Closed adyork closed 4 years ago
Hey @lwinfree @roll is there any update on this issue in particular? I think this is a rather important one for us. Specifically the issue is that dump_to_path is forcing a particular datetime format . A quick fix for us has been to fork dataflows and change that constant to be what we need (%Y-%m-%dT%H:%M:%SZ
) but that isn't a great long term solution.
Is there any way the dumpers can output the datetime fields using the format specified within the datapackage?
Hi @cschloer, I was on Holiday. Now I'm back and I will prioritize this one.
@cschloer So this one is barely a subset of #19. Could we please return to #19 for a sec, because I, actually, wanted you to take a look/brainstorm possible API solution on your end for custom data/time formats.
To be re-checked after #19 is done
It's done in dataflows@0.0.60
(please try https://github.com/datahq/dataflows/pull/100#issuecomment-534428744)
Excited to try this out, thanks!
Hey, I'm still running into problems with this update @roll . Maybe I just misinterpreted how you were going to implement the solution.
Basically, say I have a datetime field with output_format=%Y-%m-%dT%H:%M:%SZtest
(output_format
is a parameter in the custom processor convert_date
). The convert_date
processor also sets the outputFormat
key in the field datapackage to %Y-%m-%dT%H:%M:%SZtest
. The test
part at the end is just to get it to be different than the normal datetime format %Y-%m-%dT%H:%M:%S
. The custom convert_date
processor first uses this output_format with the python datetime package to set the value of the field to the output of date_obj.strftime(output_format)
. Thus the value in the resource might look something like 2019-07-16T13:29:25Ztest
.
At this point, when I try to use dump_to_path, even with temporal_format_property=outputFormat
, I get the error Field "ISO_DateTime_UTC" can't cast value "2019-07-16T13:29:25Ztest" for type "datetime" with format "%Y-%m-%dT%H:%M:%S"
. It seems as if the dump_to_path caster/validator is still trying to convert the datetime field to the default format (%Y-%m-%dT%H:%M:%S
) before it then changes the format value to %Y-%m-%dT%H:%M:%SZtest
. If, in the convert_date
step, I instead set the value to the result of using the strftime
function with the default format (%Y-%m-%dT%H:%M:%S
) it works and properly dumps the value as 2019-07-16T13:29:25Ztest
.
This could theoretically work, since the user rarely sees the value
inside the row outside of a dump_to_path step. But it won't always work. For example, this is dumb but possible: what if the user tries to use set_type to set the datetime
field to string
? It looks like the value in the row is 2019-07-16T13:29:25Ztest
, but it is actually 2019-07-16T13:29:25
. So when it gets converted to a string, the value is again 2019-07-16T13:29:25
.
More realistic is the possibility of using the custom convert_date
processor on the same field if, for example, multiple date fields in different formats are expected. The user might expect, because they see the value 2019-07-16T13:29:25Ztest
, to write %Y-%m-%dT%H:%M:%SZtest
for the input_format
parameter, when in fact they should be writing %Y-%m-%dT%H:%M:%S
.
Furthermore, using a combine fields processors (such as add_computed_field
), the user will get the value in the row (which is the default format) rather than what they see from a dump_to_path.

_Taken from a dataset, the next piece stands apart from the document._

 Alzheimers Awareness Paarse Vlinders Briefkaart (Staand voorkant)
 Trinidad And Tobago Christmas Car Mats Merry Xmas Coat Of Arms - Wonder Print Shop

Do you understand the issue I am having here @roll ? Is there any workaround to ensure that the dump_to_path processor does not try to cast with the default format
before it switches to using the temporal_format_property
?
@cschloer Could you please share some testing pipeline so I can play with it?
OK I think this should be enough:
date-test:
title: date-test
description: ''
version: v1.0.4
pipeline:
- run: bcodmo_pipeline_processors.load
cache: false
parameters:
format: xlsx
from: https://github.com/BCODMO/frictionless-usecases/blob/master/usecases/754644_Carpenter2018_physical_data/orig/Carpenter%20et%20al.%202018_data.xlsx?raw=true
headers: 1
infer_strategy: strings
cast_strategy: strings
remove_empty_rows: true
skip_rows: []
override_schema:
missingValues:
- ''
- nd
input_separator: ','
sheet: physical data
preserve_formatting: true
- run: bcodmo_pipeline_processors.convert_date
parameters:
resources:
- res1
fields:
- input_type: python
inputs:
- field: Date
format: '%d-%b'
input_timezone: UTC
output_field: ISO_DateTime_UTC
output_format: '%Y-%m-%dT%H:%M:%S%Ztest'
output_timezone: UTC
year: 2016
- run: printer
parameters:
num_rows: 10
- run: bcodmo_pipeline_processors.dump_to_path
parameters:
temporal_format_property: outputFormat
out-path: /home/conrad/test
force-format: true
format: csv
save_pipeline_spec: true
You'll need to use the bcmodo_processors repo and set the DPP_PROCESSOR_PATH to $PROCESSOR_REPO/bcodmo_processors
.
I created a branch called fu-22-roll-examples
that you can use to see the issues I'm talking about.
The first commit on the branch (set outputFormat to output_format) shows the first issue I described, where the value is validated with the old DATETIME_FORMAT even when outputFormat
has been updated. The second commit (Use DATETIME_FORMAT for row value before dump) sets the value in the row to the result of using DATETIME_FORMAT. The resulting csv correctly shows an outputformat with the test
string at the end, but you can see from the printer processor that the values in the rows do not have test
while the pipeline is running.
Let me know if you need something else @roll !
Thanks!
@cschloer I ran the example and I think I understand.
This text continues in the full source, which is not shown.